Fake Heiress Accused of Dumping Bunnies in New York Park after Photo Shoot

A woman in a light blue dress sits on a bench against a building, holding pink leashes attached to two rabbits—one white and one brown—on the sidewalk in front of her.
Con-artist turned influencer Anna Delvey is seen posing for the photo shoot with the two bunnies that were found abandoned in a Brooklyn park.

Anna Delvey — the fake heiress who scammed New York’s elite — was accused of dumping rabbits that she used for a photo shoot in a park.

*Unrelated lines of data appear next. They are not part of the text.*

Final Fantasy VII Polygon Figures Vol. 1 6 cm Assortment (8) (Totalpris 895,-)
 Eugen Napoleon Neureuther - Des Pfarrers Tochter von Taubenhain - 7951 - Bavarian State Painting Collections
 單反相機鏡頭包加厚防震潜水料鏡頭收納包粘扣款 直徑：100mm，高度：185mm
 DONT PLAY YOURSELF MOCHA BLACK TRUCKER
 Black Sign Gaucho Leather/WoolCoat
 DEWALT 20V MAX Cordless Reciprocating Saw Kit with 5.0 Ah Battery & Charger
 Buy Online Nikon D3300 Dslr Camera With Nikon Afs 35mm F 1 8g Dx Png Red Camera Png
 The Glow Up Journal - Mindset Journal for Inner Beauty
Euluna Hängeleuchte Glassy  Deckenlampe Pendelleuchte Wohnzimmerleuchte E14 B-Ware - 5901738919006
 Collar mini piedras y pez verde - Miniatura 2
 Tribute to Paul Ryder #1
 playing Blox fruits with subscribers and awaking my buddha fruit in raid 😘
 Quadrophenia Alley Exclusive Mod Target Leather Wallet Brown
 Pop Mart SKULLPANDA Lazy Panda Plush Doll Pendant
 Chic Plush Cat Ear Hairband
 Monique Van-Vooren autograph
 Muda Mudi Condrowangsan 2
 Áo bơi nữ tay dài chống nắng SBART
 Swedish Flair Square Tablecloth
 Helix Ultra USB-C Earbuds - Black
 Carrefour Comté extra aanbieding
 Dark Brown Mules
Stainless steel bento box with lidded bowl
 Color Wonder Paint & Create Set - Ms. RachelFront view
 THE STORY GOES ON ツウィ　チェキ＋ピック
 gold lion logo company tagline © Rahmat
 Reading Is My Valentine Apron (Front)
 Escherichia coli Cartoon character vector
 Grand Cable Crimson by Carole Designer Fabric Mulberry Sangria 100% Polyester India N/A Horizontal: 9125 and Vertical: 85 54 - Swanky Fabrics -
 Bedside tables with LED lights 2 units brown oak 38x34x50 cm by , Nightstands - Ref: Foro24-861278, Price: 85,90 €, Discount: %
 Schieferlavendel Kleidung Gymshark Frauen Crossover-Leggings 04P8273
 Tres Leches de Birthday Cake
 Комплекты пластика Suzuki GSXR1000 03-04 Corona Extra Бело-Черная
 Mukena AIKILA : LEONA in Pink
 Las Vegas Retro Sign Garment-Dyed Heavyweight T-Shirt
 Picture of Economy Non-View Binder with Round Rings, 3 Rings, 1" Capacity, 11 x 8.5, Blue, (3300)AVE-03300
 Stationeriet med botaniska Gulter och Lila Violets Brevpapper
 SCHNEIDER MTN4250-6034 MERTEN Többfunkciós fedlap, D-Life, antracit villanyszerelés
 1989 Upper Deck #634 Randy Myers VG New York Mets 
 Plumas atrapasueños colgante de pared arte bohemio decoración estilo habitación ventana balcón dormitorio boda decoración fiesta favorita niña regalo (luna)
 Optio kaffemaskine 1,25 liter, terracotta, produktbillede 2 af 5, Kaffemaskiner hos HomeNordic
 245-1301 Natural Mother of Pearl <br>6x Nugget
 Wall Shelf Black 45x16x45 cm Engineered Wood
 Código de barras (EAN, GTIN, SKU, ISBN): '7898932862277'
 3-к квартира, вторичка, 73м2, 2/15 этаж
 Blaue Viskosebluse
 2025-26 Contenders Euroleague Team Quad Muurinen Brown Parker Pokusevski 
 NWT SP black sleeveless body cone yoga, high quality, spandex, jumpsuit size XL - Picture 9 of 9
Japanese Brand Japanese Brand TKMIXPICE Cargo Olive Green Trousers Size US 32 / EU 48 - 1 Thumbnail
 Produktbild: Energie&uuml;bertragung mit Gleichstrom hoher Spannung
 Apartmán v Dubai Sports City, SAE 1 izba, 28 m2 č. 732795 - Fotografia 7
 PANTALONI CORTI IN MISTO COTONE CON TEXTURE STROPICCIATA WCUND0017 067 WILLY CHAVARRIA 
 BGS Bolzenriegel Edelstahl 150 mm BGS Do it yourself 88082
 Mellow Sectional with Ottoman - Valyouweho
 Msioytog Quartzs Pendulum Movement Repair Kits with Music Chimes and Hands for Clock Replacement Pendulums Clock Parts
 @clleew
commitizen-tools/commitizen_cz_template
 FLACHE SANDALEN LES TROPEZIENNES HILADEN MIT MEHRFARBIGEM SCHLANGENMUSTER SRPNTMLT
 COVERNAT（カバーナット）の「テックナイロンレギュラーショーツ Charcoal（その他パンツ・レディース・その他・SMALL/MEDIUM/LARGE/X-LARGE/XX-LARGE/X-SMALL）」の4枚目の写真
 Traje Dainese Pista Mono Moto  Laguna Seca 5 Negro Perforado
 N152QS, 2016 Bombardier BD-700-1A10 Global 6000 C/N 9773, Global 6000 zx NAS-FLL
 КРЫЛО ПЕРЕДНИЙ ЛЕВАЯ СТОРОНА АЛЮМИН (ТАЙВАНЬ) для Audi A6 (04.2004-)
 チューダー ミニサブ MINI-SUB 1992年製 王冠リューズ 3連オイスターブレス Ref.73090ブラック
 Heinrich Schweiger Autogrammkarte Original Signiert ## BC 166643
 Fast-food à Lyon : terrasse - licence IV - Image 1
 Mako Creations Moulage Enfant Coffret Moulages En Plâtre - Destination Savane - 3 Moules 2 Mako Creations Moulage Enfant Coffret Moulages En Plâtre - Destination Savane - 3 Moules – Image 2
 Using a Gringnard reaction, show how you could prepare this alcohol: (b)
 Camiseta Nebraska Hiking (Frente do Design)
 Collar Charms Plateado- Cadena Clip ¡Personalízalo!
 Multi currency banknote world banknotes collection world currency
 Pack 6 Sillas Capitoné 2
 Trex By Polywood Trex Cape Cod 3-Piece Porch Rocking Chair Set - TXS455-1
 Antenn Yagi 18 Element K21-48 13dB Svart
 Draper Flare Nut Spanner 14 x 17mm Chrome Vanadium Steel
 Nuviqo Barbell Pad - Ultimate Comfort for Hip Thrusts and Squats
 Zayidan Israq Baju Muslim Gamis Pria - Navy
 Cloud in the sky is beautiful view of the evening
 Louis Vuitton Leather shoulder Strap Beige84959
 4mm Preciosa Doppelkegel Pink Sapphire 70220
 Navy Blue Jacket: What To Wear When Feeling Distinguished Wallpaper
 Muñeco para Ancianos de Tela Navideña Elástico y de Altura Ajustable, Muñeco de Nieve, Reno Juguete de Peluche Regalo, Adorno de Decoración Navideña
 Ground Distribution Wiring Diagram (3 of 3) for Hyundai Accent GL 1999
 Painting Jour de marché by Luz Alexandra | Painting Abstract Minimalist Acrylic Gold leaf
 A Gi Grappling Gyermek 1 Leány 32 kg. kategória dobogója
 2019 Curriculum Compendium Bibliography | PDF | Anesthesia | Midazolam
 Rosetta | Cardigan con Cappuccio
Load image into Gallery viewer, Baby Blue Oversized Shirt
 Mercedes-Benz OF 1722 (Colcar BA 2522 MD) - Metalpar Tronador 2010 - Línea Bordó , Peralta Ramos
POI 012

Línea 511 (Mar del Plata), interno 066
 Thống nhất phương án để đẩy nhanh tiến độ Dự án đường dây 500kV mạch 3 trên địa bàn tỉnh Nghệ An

Delvey, a con artist who has reinvented herself as an influencer, posed for a photo shoot last weekend on the streets of New York City, which featured her holding bunnies.

In the images — that were shot by photographer Jasper Soloff — Delvey was seen wearing her ankle monitor, which she is required to wear as part of her house arrest, and holding two bunnies on a hot pink leash.

Bunnies Used for Props, Then Dumped

However, on August 4 — one day after Delvey posted the photos on Instagram — the two rabbits were found abandoned in a nearby urban park. Terry Chao, a vegan influencer and blogger, spotted the bunnies and recognized them from a Facebook adoption group.

According to The New York Times, Chao says she spotted the rabbits near a cardboard box she had seen on Delvey’s Instagram, bearing a Yonkers address possibly linked to the family offering the bunnies. She says the real giveaway was that photo shoot assistant Christian Batty had contacted her earlier to ask about finding rabbits.

“They went and got those bunnies for the shoot, basically as props, and then dumped them,” Chao says. “They don’t have any survival mechanisms like wild rabbits do.”

Batty, the assistant on the independent shoot, at first denied that the abandoned rabbits were the same ones used in the shoot. But Batty reportedly later admitted in an Instagram story that he had left the bunnies in Prospect Park, saying Delvey had no knowledge of it and that he had sourced the animals himself.

“When I realized the rabbits were being surrendered to me, I panicked. At 19, with no experience caring for animals, no pet-friendly housing, and no knowledge of available resources, I felt overwhelmed and made the worst possible choice,” Batty writes in the Instagram story, which is no longer available. “Believing, mistakenly, that there were existing rabbits in that area, I released them there, thinking that was my best option.”

‘Ashamed and Embarassed’

Delvey tells The New York Times that she was “horrified” to learn the rabbits had been released. She says that she was not involved in any arrangements and that Batty had offered to get the bunnies.

“I felt ashamed and embarrassed to be associated with it,” Delvey says.

She adds: “Usually, when you collaborate with a photographer, you kind of let them direct you, because it’s also their creative work.”

However, photographer Jasper Soloff’s lawyer disputed Delvey’s account. He says that Soloff had simply been hired to photograph Delvey and “had no knowledge or input as to how the bunnies were obtained or what happened to them after the photo shoot.”

“This was not Jasper’s photo shoot, and he did not arrange any of the details surrounding it,” the photographer’s lawyer Gary Adelman tells the news outlet.

After Chao made the news of the abandoned bunnies public, Delvey also shared screenshots of her texts with Batty on her Instagram story, according to The Daily Beast. Delvey insisted she was innocent, and posted a photo of a $1,000 donation to a rabbit rescue nonprofit.

“I’m pretty sure they’re all pretty complicit, and if they had wanted to do the right thing, they could have, and they didn’t,” Chao tells The Daily Beast in a further statement.

Delvey, who posed as a wealthy German heiress in the 2010s, spent nearly four years in prison for defrauding New York’s elite and another 18 months in immigration detention for overstaying her visa. She has since reinvented herself as a celebrity, doing photo shoots and appearing on Dancing With the Stars.